From the data that follows, set down exactly the lines from the one with "Lexicon Oak Distressed" through the one with "Personalised Owl Birthday", counting both. Pictures stay out.

GIVEN DATA
*** Begin section ***

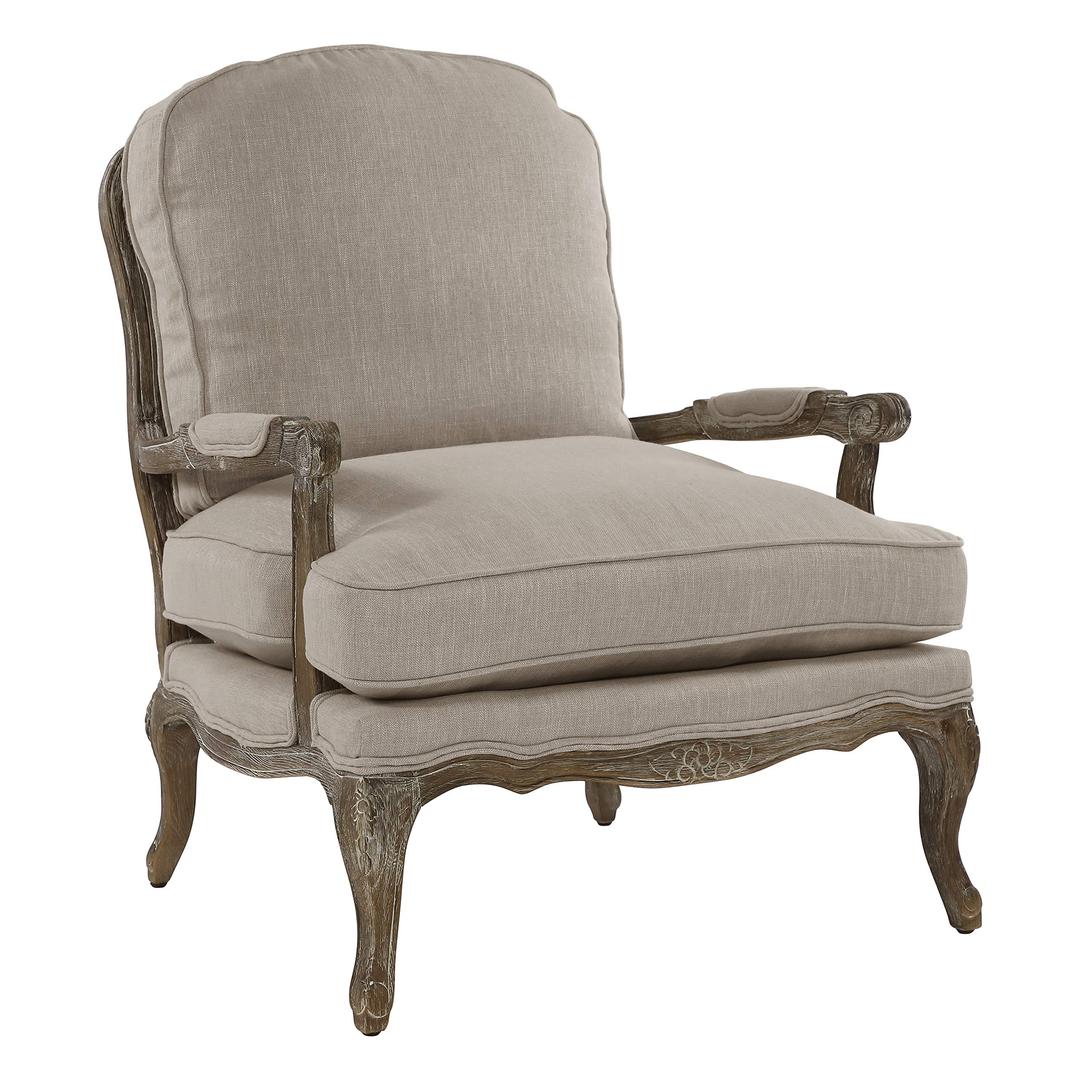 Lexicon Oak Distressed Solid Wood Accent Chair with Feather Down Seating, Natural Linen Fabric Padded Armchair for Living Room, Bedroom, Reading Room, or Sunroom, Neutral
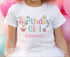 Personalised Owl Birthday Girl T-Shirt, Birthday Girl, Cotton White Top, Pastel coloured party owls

*** End section ***
*** Begin section ***

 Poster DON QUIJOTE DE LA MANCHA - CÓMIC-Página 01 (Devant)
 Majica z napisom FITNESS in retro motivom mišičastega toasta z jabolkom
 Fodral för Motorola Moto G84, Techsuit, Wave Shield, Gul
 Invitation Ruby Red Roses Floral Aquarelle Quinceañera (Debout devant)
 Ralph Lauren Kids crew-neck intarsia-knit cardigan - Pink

*** End section ***

EXERCISE SOLUTION
 Lexicon Oak Distressed Solid Wood Accent Chair with Feather Down Seating, Natural Linen Fabric Padded Armchair for Living Room, Bedroom, Reading Room, or Sunroom, Neutral
 Personalised Owl Birthday Girl T-Shirt, Birthday Girl, Cotton White Top, Pastel coloured party owls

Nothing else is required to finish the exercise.